Chapter 1. Welcome to Docker Swarm

It's no mystery that Docker is one of the open-source technologies that have the most traction nowadays. The reasons are easy to understand, Docker makes the container technology available for all, and it comes with an included battery that is removable and is blessed by a vibrant community.

In the early days, users started working with Docker after being fascinated with this easy-to-use tool, which allowed them to sort out many challenges: pulling, packing, isolating, and making applications portable across systems with almost no burden.

Welcome to Docker Swarm

A simplified Docker Ecosystem

You may notice a swarm of whales here plays nice with others. However, since the advent of containers, people have been looking for tools to efficiently orchestrate a huge number of them. The Docker team addressed this necessity with the release of Docker Swarm, hereinafter Swarm, one of the pieces of the Docker ecosystem, in 2015, alongside with Docker Machine and Docker Compose. The preceding image shows the simplified Docker Ecosystem, which consists of Docker Machine provisioning a new Docker-ready machine, then a set of machines will be formed into a Docker Swarm cluster. Later we will be able to use Docker Compose to deploy containers to the cluster, as if it were a normal Docker Engine.

The plan to make a cluster management system, natively, for Docker started in early 2014, as a communication protocol project called Beam. Later, it was implemented as a daemon to control heterogeneous distributed systems with the Docker API. The project had been renamed to libswarm and Swarmd is its daemon. Keeping the same concept of allowing any Docker client to connect to a pool of Docker Engines, the third generation of the project had been re-designed to use the same set of Docker Remote APIs and renamed to "Swarm" in November 2014. Basically, the most important part of Swarm are its remote APIs; the maintainers work hard to keep them 100% compatible with every version of Docker Engine. We'll call the first generation of Swarm as "Swarm v1".

In February 2016, after the core team found the scaling limitation of the centralized service, Swarm has been internally redesigned again as swarm.v2. This time, a decentralized cluster design has been taken into account. In June 2016, SwarmKit had been released as the orchestration toolkit for distributed service at any scale. Docker announced that SwarmKit was merged into Docker Engine at DockerCon 2016. We'll refer to this version of Swarm as "Swarm v2"  or "Swarm mode".

As we'll see later, these three musketeers (Docker Swarm, Docker Machine, and Docker Compose) operate best when together and they are so seamlessly intertwined with each other that it is almost impossible to think of them as single pieces.

However, even despite this Machine and Compose are really direct in their goals and easy to use and understand, Swarm is a tool that indeed deserves a book for itself.

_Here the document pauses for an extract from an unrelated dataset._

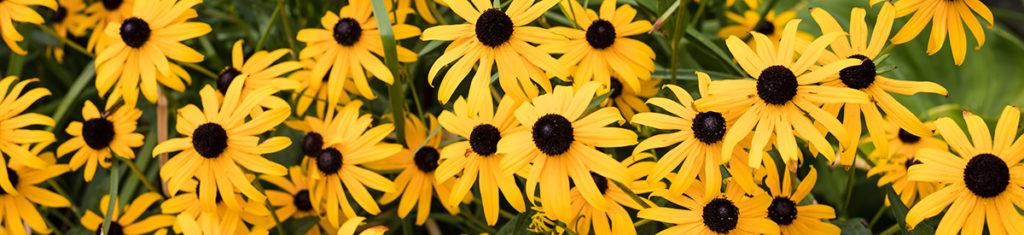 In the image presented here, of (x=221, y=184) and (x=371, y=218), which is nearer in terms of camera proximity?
(x=221, y=184)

With Docker Machine, you can provision machines, both virtual and physical, on a number of cloud platforms as well as bare metal machines to run Docker containers. With Docker Compose, you can define Dockerfiles on steroids, by describing behaviors with the easy yet powerful syntax of YAML and launch applications by just "composing up" these files. Swarm is a powerful clustering tool that requires to be studied more in depth.

In this chapter, we will be taking a look at the following topics:

  • What is container orchestration
  • Docker Swarm fundamentals and architecture
  • Differences with other open source orchestrators
  • The "old" Swarm, v1
  • The "new" Swarm, Swarm Mode

Clustering tools and container managers

A clustering tool is software that allows an operator to talk to a single end point and to command and orchestrate a set of resources, in our case containers. Instead of manually distributing workloads (containers) on a cluster, a clustering tool is used to automate this and many other tasks. It's the clustering tool that will decide where to start jobs (containers), how to store them, when to eventually restart them, and so on. The operator needs to only configure some behaviors, decide the cluster topology and size, tune settings, and enable or disable advanced features. Docker Swarm is an example of clustering tool for containers.

Beyond clustering tools, there is also a choice of container manager platforms. They do not provide container hosting, but interact with one or more existing systems; this kind of software usually offer good web interfaces, monitoring tools, and other visual or higher-level functionalities. Examples of container manager platforms are Rancher or Tutum (acquired in 2015 by Docker Inc.).